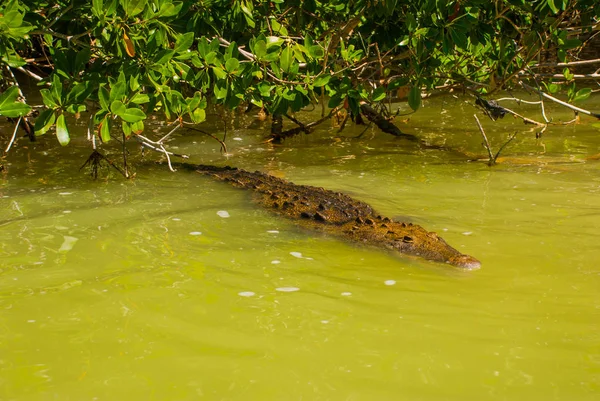 O crocodilo nada no rio. Rio Lagartos, Yucatan, México — Fotografia de Stock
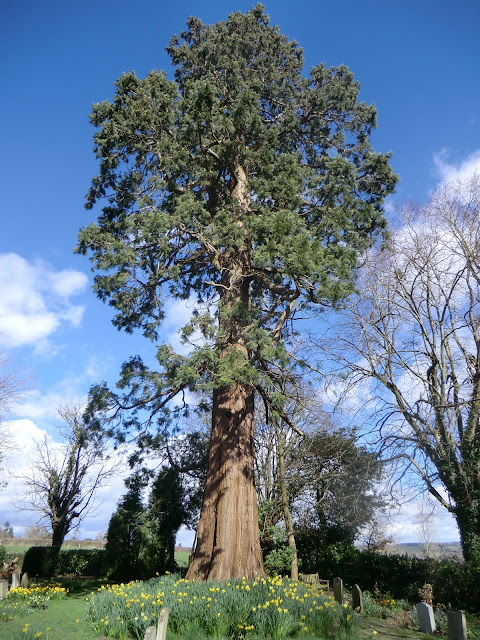 CIMG0307 Giant redwood in Highbrook churchyard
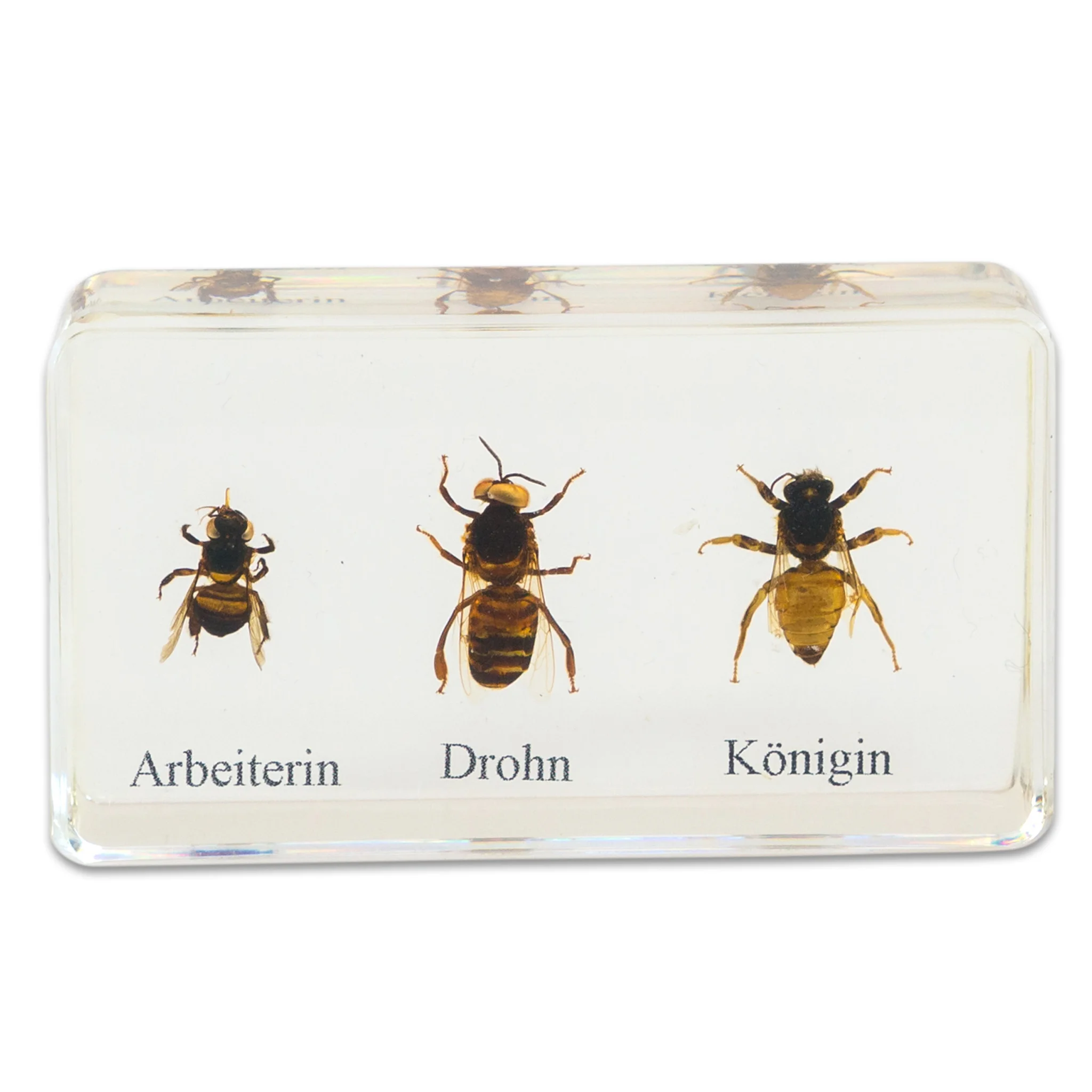 Bienen, Arbeitsbiene, Drohne, Königin, Insektenart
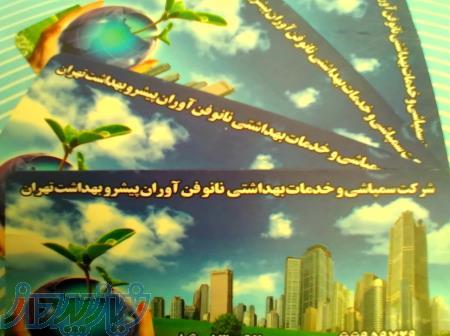 سمپاشی سوسک درشت آمریکایی و سوسک ریز 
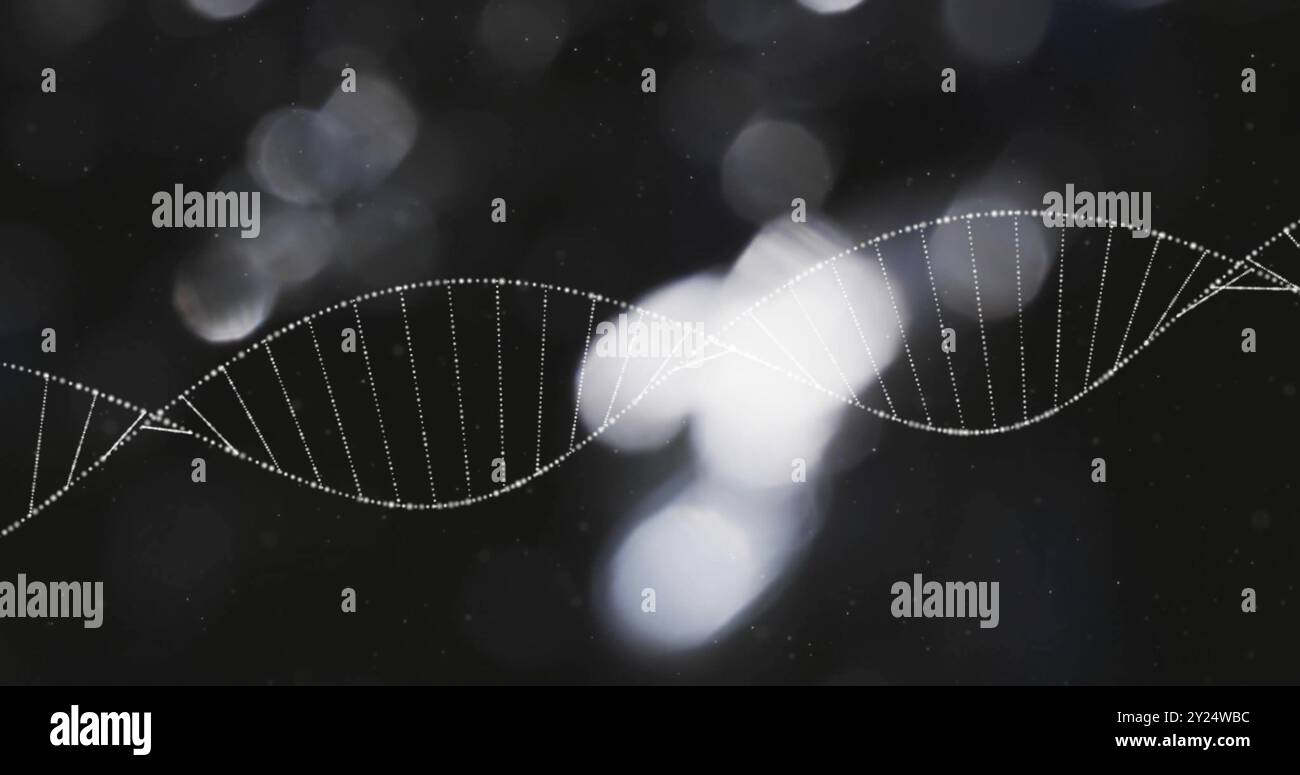 DNA-Strang- und Binärcodierung, wissenschaftliche Datenverarbeitung Stockfoto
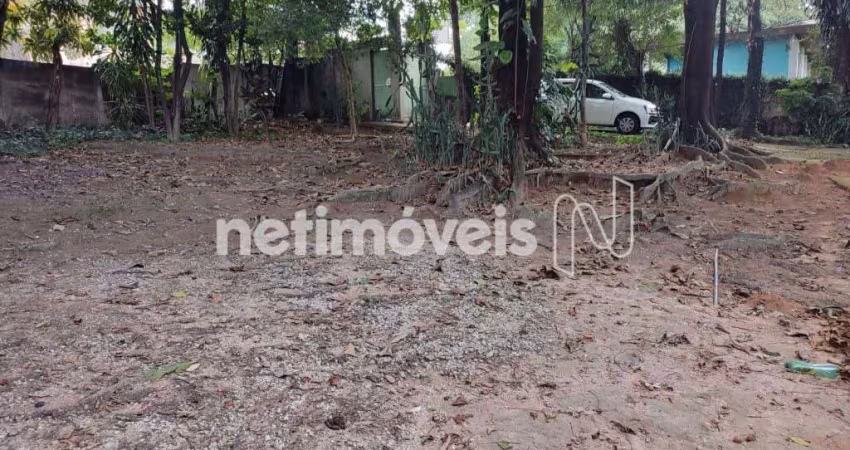 Terreno comercial à venda na Rua Bráulio Gomes Nogueira, Tirol, Belo Horizonte
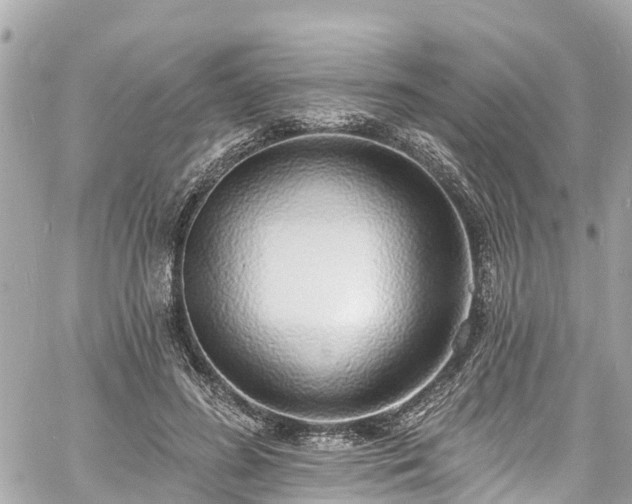 X0000060810596200511141508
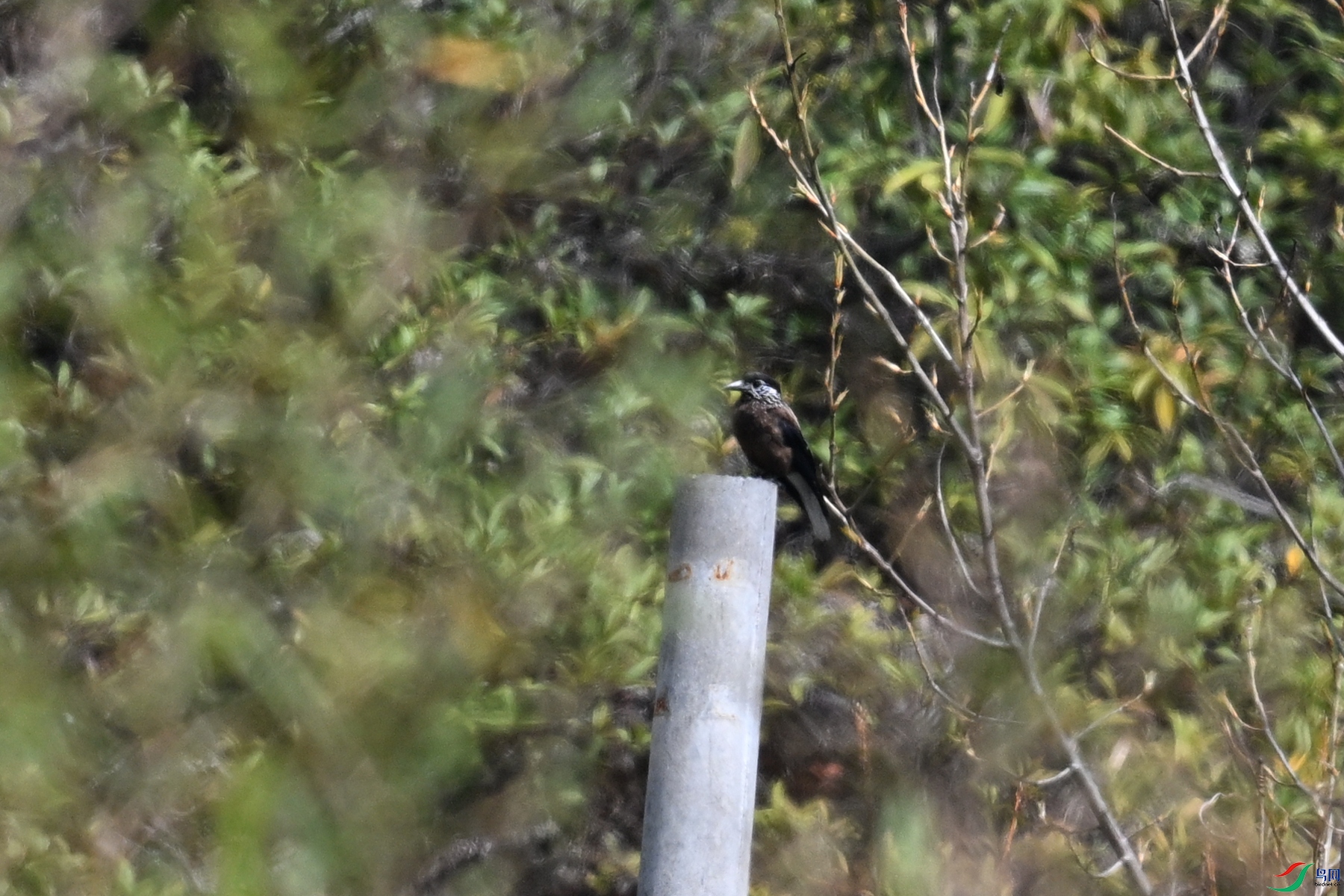 DSC_1599.JPG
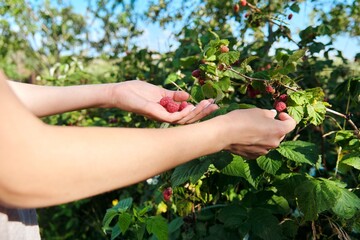 Hands of woman picking ripe raspberries in summer garden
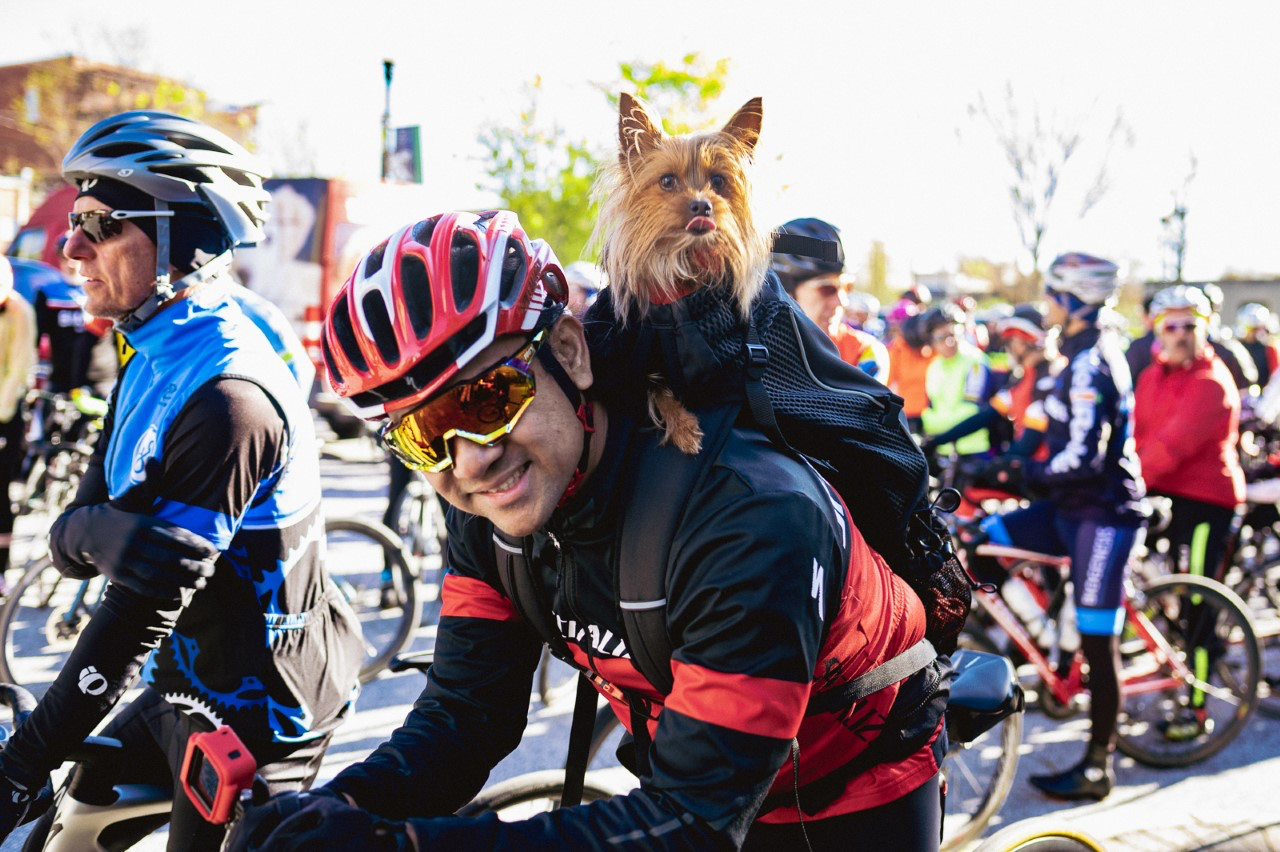 Tour de Paws, hosted at Spartanburg Community College, has been running for 20 years. (Photo/Provided)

● **Task brief**: Pictures stay out. Print the data exactly, from its first line through the line containing "سمپاشی سوسک درشت آمریکایی و سوسک ریز".

● **Task result**:
 O crocodilo nada no rio. Rio Lagartos, Yucatan, México — Fotografia de Stock
 CIMG0307 Giant redwood in Highbrook churchyard
 Bienen, Arbeitsbiene, Drohne, Königin, Insektenart
 سمپاشی سوسک درشت آمریکایی و سوسک ریز 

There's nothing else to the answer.